A couple years ago, Arts Services of WNY participated in “Arts and Economic Prosperity 5,” a data review and analysis of 126 cultural and not-for-profit organizations that proved that the arts heavily contributes to our region’s economic growth. The arts sector is a $352.1 million industry that supports all levels of employment, businesses of all sizes, cultural tourism, and the ever-important quality of life.
Slice that number down to one theatre and one production. “Kavinoky Theatre is an economic engine for a lot of businesses,” says the theatre’s executive artistic director Loraine O’Donnell. ‘Monty Python’s Spamalot,’ the second of two large-scale musicals on the theatre’s schedule this season, opens Friday, January 11. O’Donnell says the show costs more than $100,000 to produce, mostly spent two months before opening night, and mostly with local vendors and businesses. Places like DC Theatricks (for dozens of costumes, from tights and tunics to flowing robes), Scheule Paint Company (gallons of paint for David King’s elaborate set), area restaurants that craft dinner-theatre packages, and even the corner convenience store (ice ice, baby) play important cameo roles in this show.
“ ‘Spamalot’ is one of the largest musicals we’ve produced here,” O’Donnell says. “There are 19 actors on stage, plus a 10 piece orchestra, and four assistant stage managers to help the cast with more than 100 costume changes and plenty of scene changes, too.”
In other words, it takes a 12th century English village to make this production happen.
‘Spamalot’ is the stage adaptation inspired by the 1975 film ‘Monty Python and the Holy Grail.’ While Kavinoky isn’t the first theatre to produce the show locally, as the region’s largest producing house, its audience expects an extraordinary experience. This means hiring union musicians (“they’re the same musicians who play in the orchestra pit at Shea’s,” O’Donnell says), creating a visual experience to match, and hiring top-notch local actors, and crew. Or to paraphrase a song from the show “You Won’t Succeed in Buffalo if you don’t make it awesome.”
For O’Donnell, walking that tight rope between best quality and best value is a true balancing act. Ticket sales only provide part of the theatre’s income stream: the rest comes from private donors, corporate sponsors, and grants which are increasingly competitive to earn. “In this business, breaking even is considered a triumph,” O’Donnell says. “That’s why it’s so important to get people through the doors.”
Inspiring its audience with quality productions is at the heart of Kavinoky’s newly-defined mission to produce a mix of the classics, musicals and new works in order to expose our patrons and D’Youville students to the diverse creativity in all genres of theatre.

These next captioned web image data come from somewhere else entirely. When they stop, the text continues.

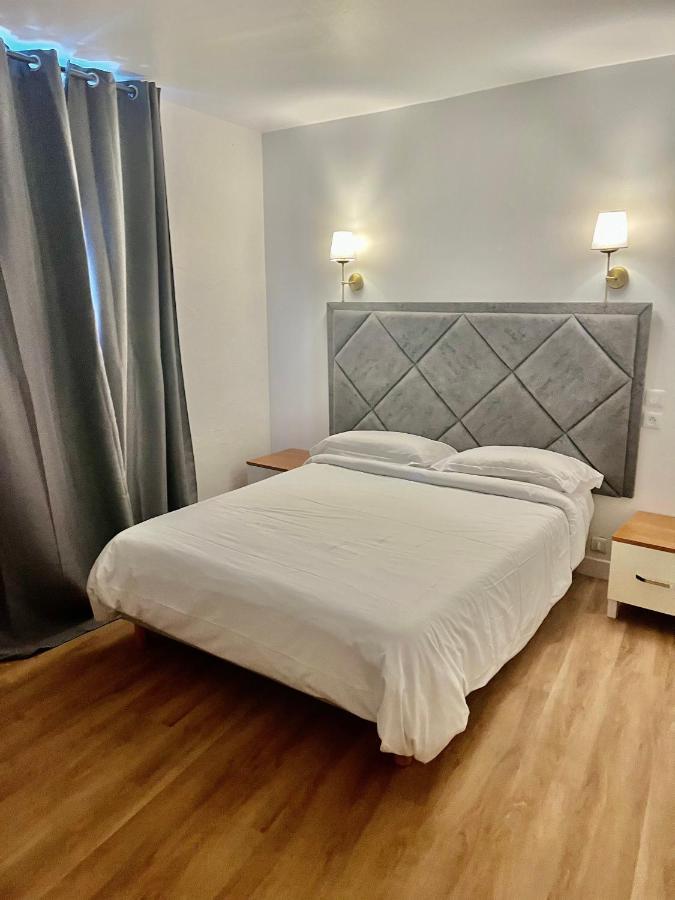 Hotel Aurelia Les Arcs-sur-Argens Bagian luar foto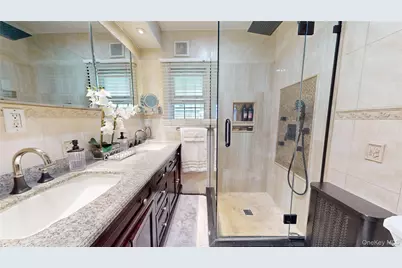 14 Plymouth Street, New Hyde Park, NY 11040 - Photo 12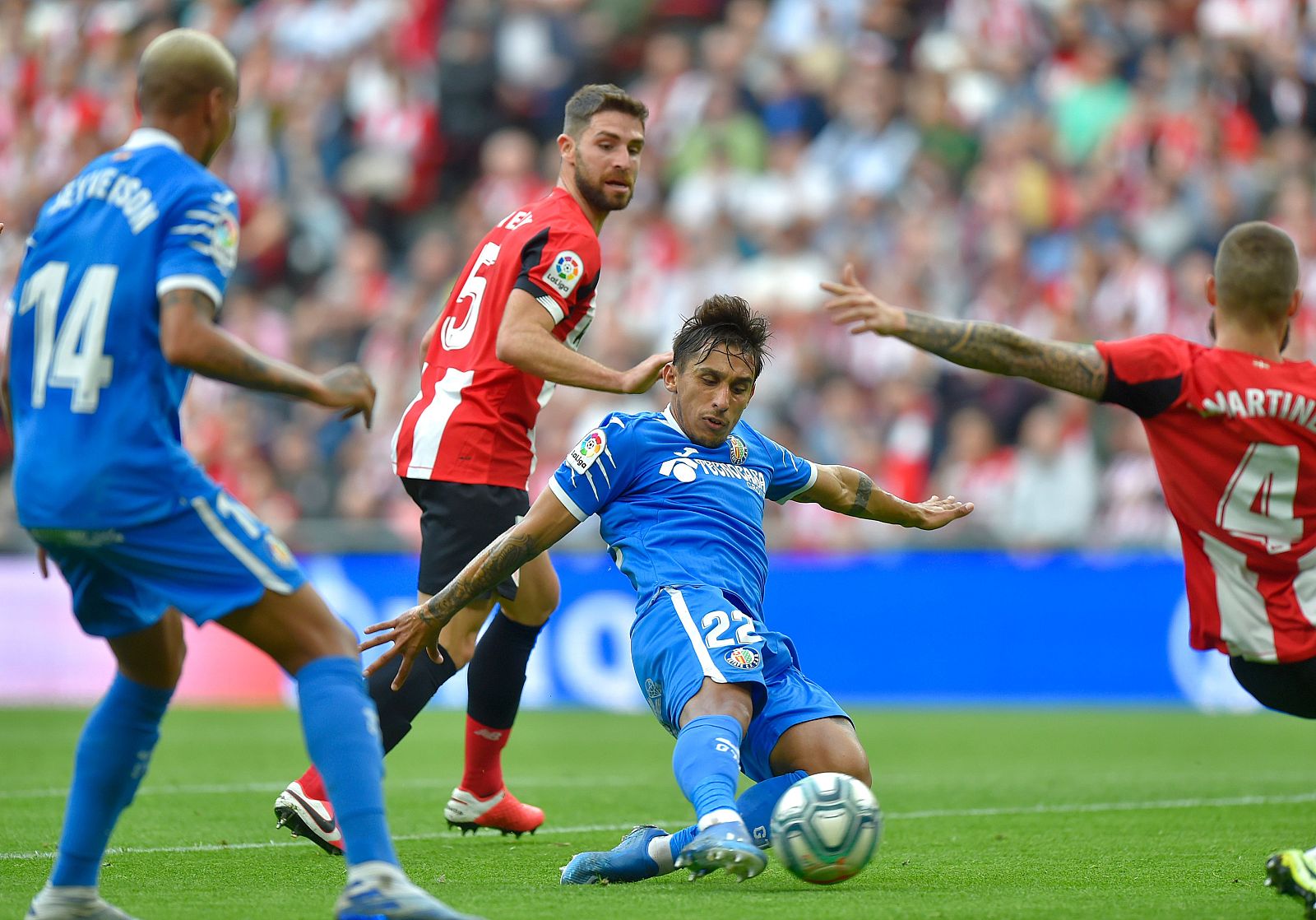 Damián Suárez marca al Athletic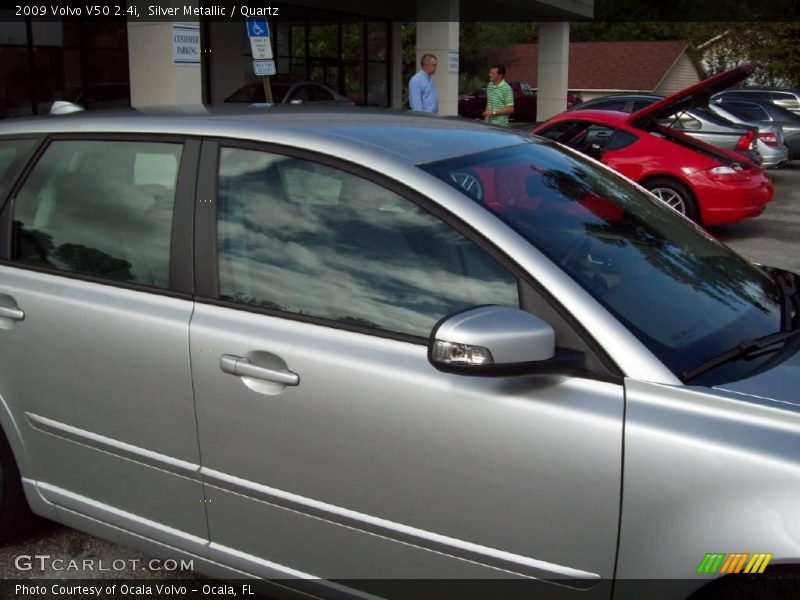 Silver Metallic / Quartz 2009 Volvo V50 2.4i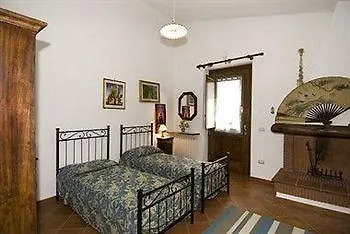 Hotel L'oasi Di Lombrici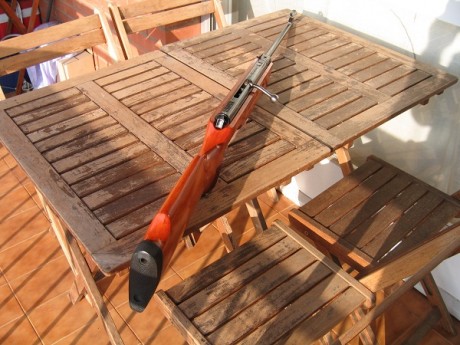 Buenos días.
Sigo con la lista de ventas.
Carabina Haenel mod. 311 con diopter original y algúnos accesorios. 02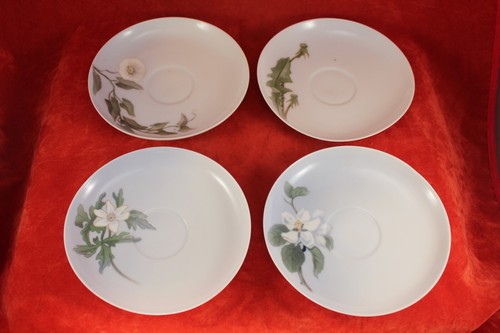 Set of 4 Vintage Royal Copenhagen Floral Art Nouveau Cream Soup Bowls & Saucers - Picture 2 of 7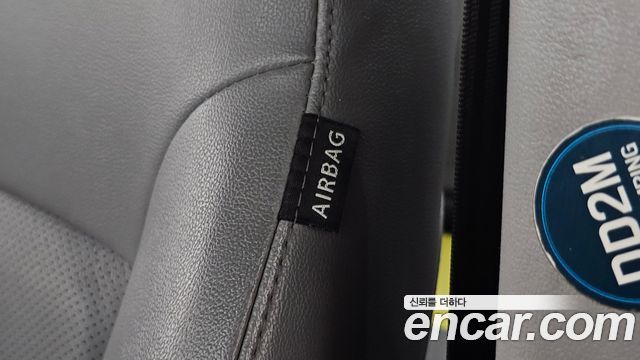 Hyundai Starex 2019 — photo 32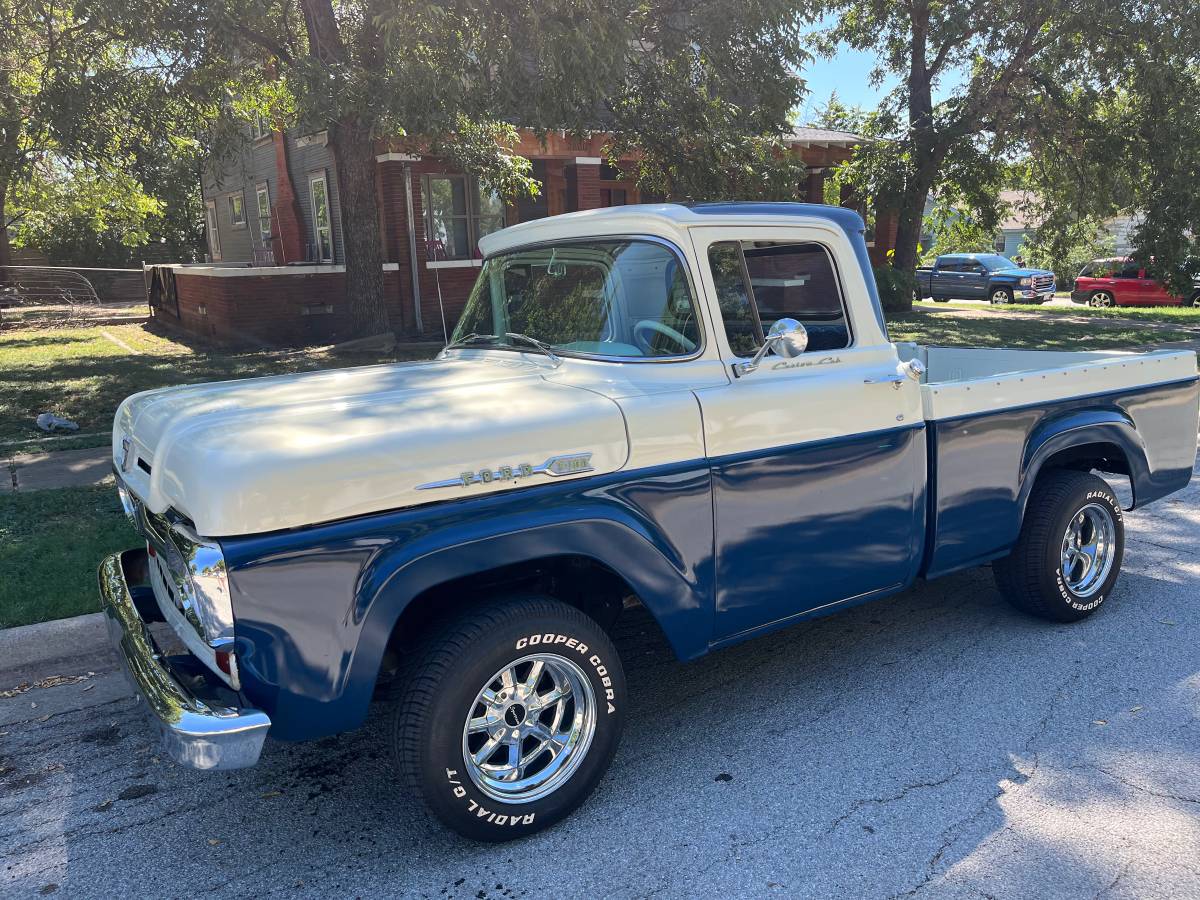 Ford-F100-pickup-short-bed-1960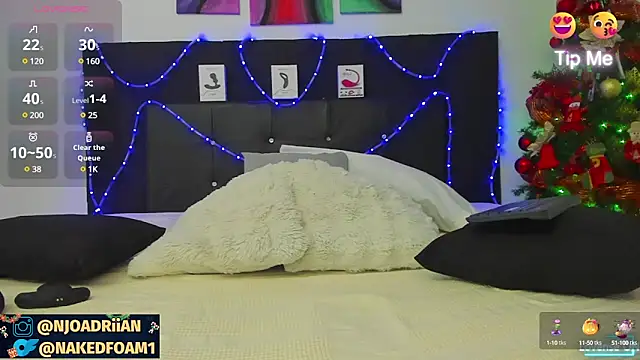 Snapshot of toyboys1 chatting on 8, 12, 2024 toyboys1 online show from 8, 12, 2024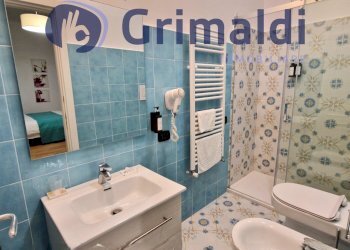 015.jpg - Quadrilocale Via San Biagio dei Librai 121, Napoli - foto 10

O’Donnell says, “We’re going to continue to do two musicals a year. It helps grow the subscriber base and musicals bring in new people. Last season ‘Mamma Mia’s!” single ticket sales increased by 50%, and subscriptions increased by 20%.” While musicals have higher production expenses, O’Donnell says, “You have to spend money to make money.”
For ‘Spamalot,’ the Kavinoky has assembled a cast of some of Buffalo’s finest musical theatre talent: Gregory Gjurich as King Arthur, Louis Colaiacovo as Sir Robin, Dudney Joseph as Sir Galahad, Bobby Cooke as Sir Bedevere, Steve Copps as Sir Lancelot, Arin Lee Dandes as Patsy, and Michele Marie Roberts as The Lady of the Lake, with an ensemble including Kelly Copps, Arianne Davidow, Doug Weyand, and others, directed and choreographed by Lynne Kurdziel Formato.
As we might expect, the cast is enthusiastic about the production and the timeless Monty Python clever wordplay. “Yes, it’s great to be king in the kingdom of Kavinoky with such spectacular subjects…and nobody had to vote for me,” says Gregory Gjurich, borrowing a line from about his role as King Arthur. “I love the Monty Python movies. I aspire to any chance to work with Lynne, the Kavinoky, and plus they offered me the role, so I said hey OK! (That doesn’t happen often).” Similarly psyched is Michele Marie Roberts, otherwise known as The Lady of the Lake. “I’m a working mother of two from Kenmore, and I volunteer monthly at Bingo,” she says. So when Lynne Kurdziel Formato and Loraine O’Donnell ask you to play an egomaniac diva at the Kavinoky with an amazing cast, you do it.”